Pakistan's central bank reduced its key policy rate by 200 basis points to 17.5%, aiming to stimulate economic growth and curb inflation. The move follows pressure for a major rate cut and a recent USD 7 billion IMF loan.
Karachi, Sep 12 (PTI) Pakistan's Central bank on Thursday cut its key policy rate by 200 basis points to 17.5 per cent from 19.5 per cent bowing to demands for a major rate cut.

The State Bank in a statement said that the Monetary Policy Committee (MPC) decided to reduce the policy rate by 200 basis points (bps) to 17.5 per cent in its meeting on Thursday.

“Various factors impacting the inflation outlook were taken into consideration while reaching this decision,” it said.

Inflation in August was at 9.6 per cent, resulting in a positive real interest rate of 10 per cent.

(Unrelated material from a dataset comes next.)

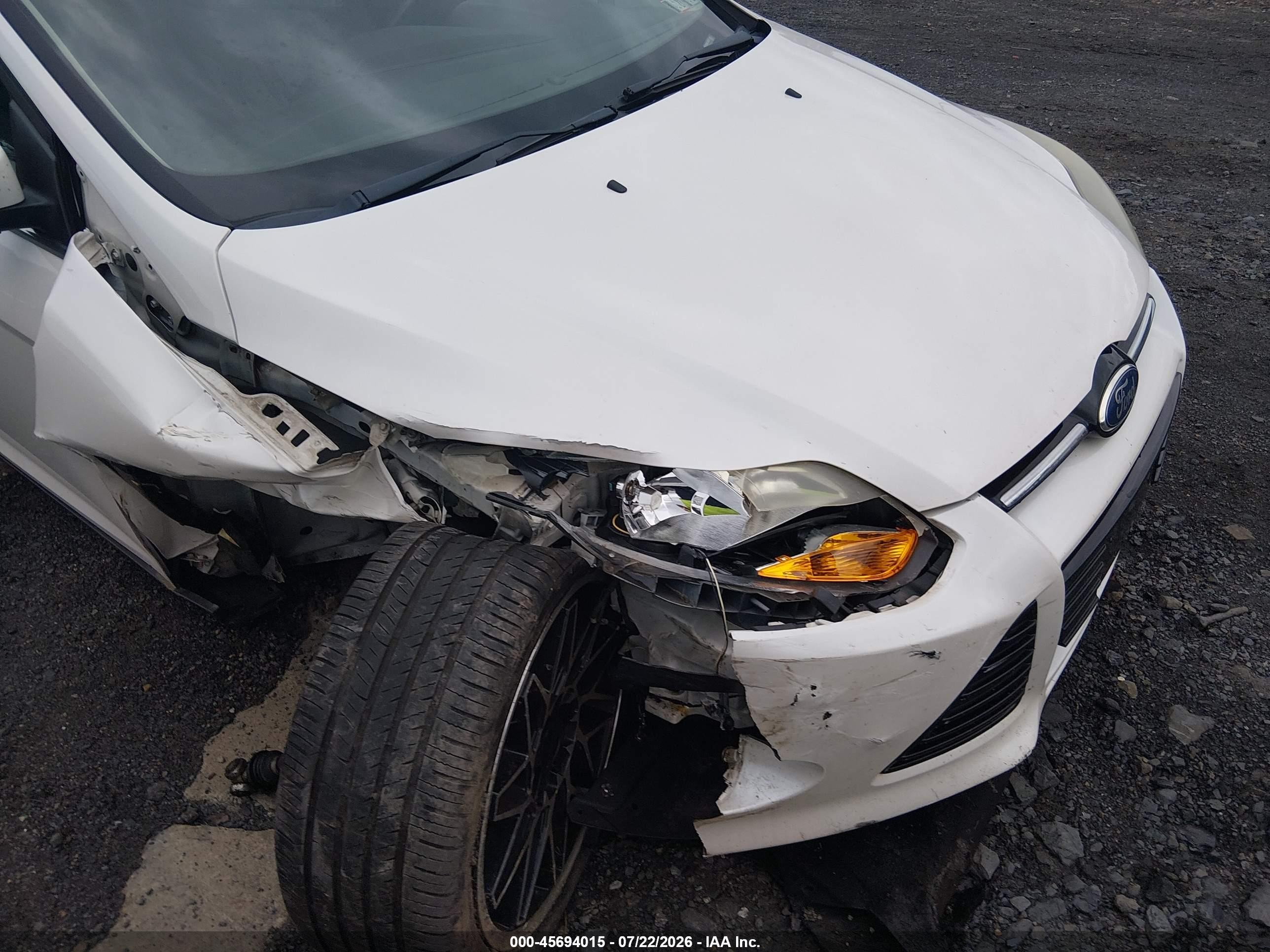 2012 Ford Focus Titanium White vin: 1FAHP3N26CL188719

Financial experts generally anticipated a reduction of 150 bps with some forecasting a cut of up to 200 bps. However, industry leaders advocated for a deep 500 bps cut to spur economic growth.

The Monetary Policy Committee (MPC) assessed the real interest rate to still be adequately positive to bring inflation down to the medium-term target” of 5 to 7 per cent and help ensure macroeconomic stability, the statement read.

The MPC said global oil prices had fallen sharply and the SBP's foreign reserves stood at USD 9.5 billion on September 6 — despite weak inflows and continued debt repayments.

“Third, secondary market yields of government securities have declined noticeably since the last MPC meeting,” it said, adding that “inflation expectations and confidence of businesses have improved in the latest pulse surveys, while those of consumers have worsened slightly”.

Throughout the financial year FY24, the SBP maintained the interest rate at a high of 22per cent. In recent months, it introduced two consecutive cuts — 150bps initially, followed by a 100bps reduction — bringing the total decrease to 2.5 percentage points.

The government which recently secured a USD 7 billion loan from the International Monetary Fund (IMF) has insisted it is taking measures to ensure this would be the last time Pakistan went to the IMF, provided all IMF conditions are met in time.

The projected growth rate for the current fiscal year (FY25) is 3.5per cent, up from 2.4per cent in FY24. Experts believe that reducing the cost of borrowing will encourage private sector investment, stimulate economic activity and create much-needed jobs, particularly for young Pakistanis seeking opportunities abroad.